Está emprestado à Oliveirense. Chegámos a treinar juntos no Bessa e joguei contra ele quando estava no Gondomar...

E como é?

Eh, pá, é uma coisa estranha. Eu quis ganhar, ele também, demos o máximo. Ganhámos no Bessa e ele lá. Foi bom assim.

Vai falhar o jogo com o FC Porto...

Só volto a jogar em março. É pena, pois jogar com o Benfica, o Guimarães e, em especial, o FC Porto sempre mexeu comigo. Somos rivais e irmãos da mesma cidade. O Porto é um exemplo de como se consegue vencer na Europa. O Boavista, de como um clube de bairro chegou a campeão nacional.

Os dragões são favoritos?

No Bessa nunca será fácil. Eles são melhores, mas podem ter um dia mau e nós um dia bom. Espero que seja assim na segunda-feira.

Como é ser treinado por um ex-colega de equipa?

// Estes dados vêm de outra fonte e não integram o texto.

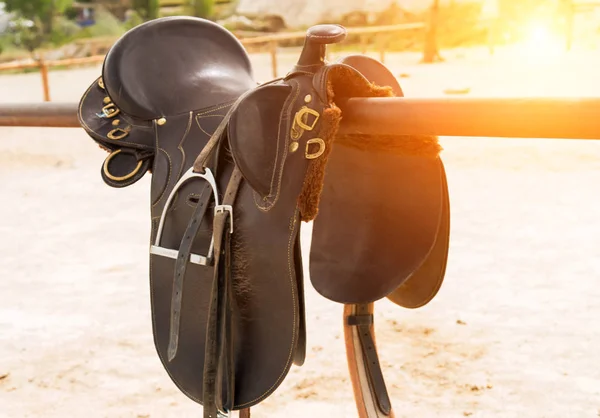 Ryttare Häst Läder Equestrian Sadeln Stigbyglar — Stockfoto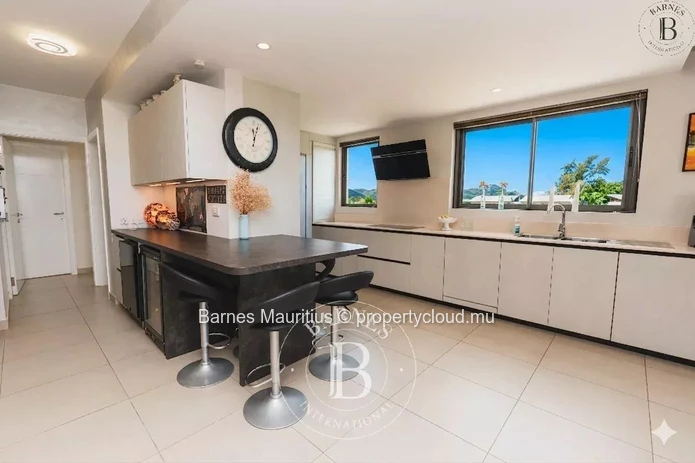 TAMARIN. Spacious Penthouse with Sea View, 3 Bedrooms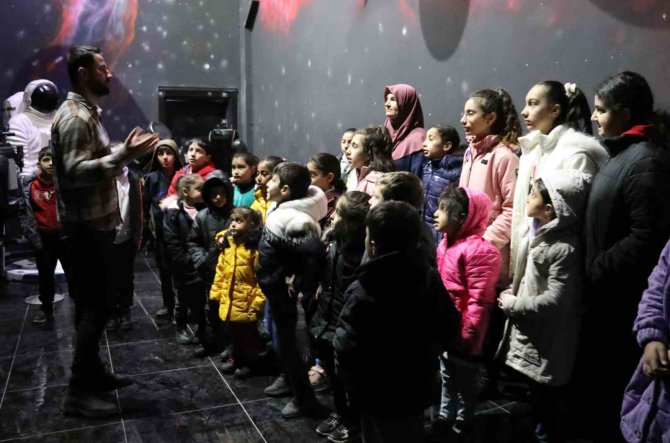 Depremzede Çocuk: “Çok Korktuk, Öleceğimizi Düşündük”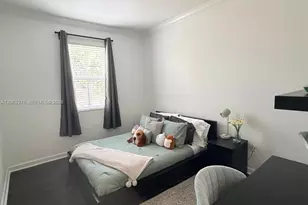 1017 NE 208th St, Miami, FL 33179 - Photo 23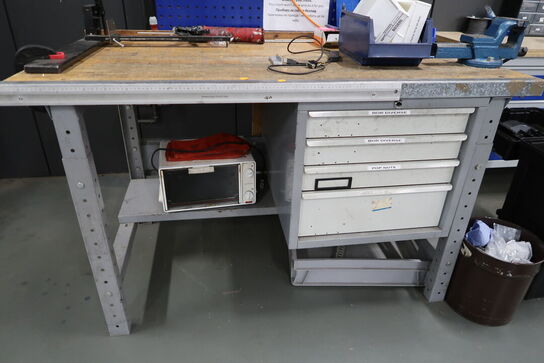 Arbejdsbord med skruestik, værktøjstavle, div. Værktøj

Muito bom. O Petit é meu amigo e um grande treinador. Pegou numa equipa de 26 novos jogadores, onde muitos nunca tinham jogado na I Liga, e está a lutar firme pela manutenção.

Veio para Portugal convencido de que ia jogar na I divisão?

Foi. Só depois de 15 dias é que soube que não estava no União de Montemor só para treinar. E que a II B não era sequer a II Liga. Descobri isso quando perguntei em que canal davam os nossos jogos. Andei triste uma semana, mas acabei por passar lá dois anos maravilhosos. Até hoje, tenho bons amigos no Alentejo.

É verdade que o seu pai não queria que fosse futebolista?

Como era bom aluno a matemática, o meu pai queria que fosse engenheiro, até ministro, e não me deixava jogar futebol. Em Dacar, jogava em clubes às escondidas dele, com a ajuda da minha mãe, até ser convocado para a seleção de sub-18. Aí, tive de lhe dizer. A seguir, quando chumbei o ano, até me quis pôr fora de casa.

Este é o seu último ano?

É. João Loureiro e Álvaro Braga, os grandes responsáveis por este clube estar vivo, têm planos para mim. No Senegal e amigos meus em França também têm projetos para o meu futuro, mas ainda não sei o que vou fazer. Peço a Deus para me guiar. Graças a Ele tenho uma vida boa e ajudei a pagar os estudos a oito irmãs e ao meu irmão mais novo.

É muçulmano praticante?

Sou, mas os meus pais são cristãos e somos uma família unida. Respeito os hábitos do país onde estou, pratico a minha religião em paz, nunca ninguém me incomodou. Se Deus quisesse que todos os homens tivessem um só credo, tinha criado uma só religião.

Como se combate o radicalismo?

O mundo tem de ser mais inteligente. Em minha opinião, o que tem acontecido são atos condenáveis de pessoas que se dizem muçulmanas. Matar não é solução para nada. Não acredito que quem mata entrará no paraíso.